About     Blog     Publications     Research     Resume     Teaching

Research

Research overview The overarching objective of my research work is to establish provable safety guarantees for autonomous systems. During my PhD I focused on establishing safety guarantees for systems losing control over some of their actuators, which led to my resilience framework discussed below. As a postdoctoral scholar I am interested in ensuring safety for black-box systems relying on reinforcement learning and diffusion.

Guaranteeing Safety in Reinforcement Learning

My most recent research topic is to develop provable safety guarantees in Reinforcement Learning (RL). More specifically, I have been looking at enforcing hard constraints with a learned policy in closed-loop with a black-box environment. In this blog post I discuss how most of the safe RL literature cannot guarantee such constraint respect. Based on this observation, I devised POLICEd RL to solve this issue.
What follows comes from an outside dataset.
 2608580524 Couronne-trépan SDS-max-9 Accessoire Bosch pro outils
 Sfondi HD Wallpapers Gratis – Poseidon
The main idea for POLICEd RL is to make the policy repulsive in the state-space region surrounding the constraint. This repulsive buffer will then push trajectories away from the constraint and guarantee its satisfaction. The policy learns to be repulsive as it receives penalties for each constraint violation during training. My key insight is to use the POLICE algorithm to make the policy affine in this buffer, which then allows to verify its repulsive character by only evaluating the policy at the vertices of the buffer. This discrete and small number of evaluations to guarantee safety contrasts with the typical approach of learning a safety certificate that needs to be evaluated everywhere on the state space to check if this learned certificate verifies the analytical safety conditions.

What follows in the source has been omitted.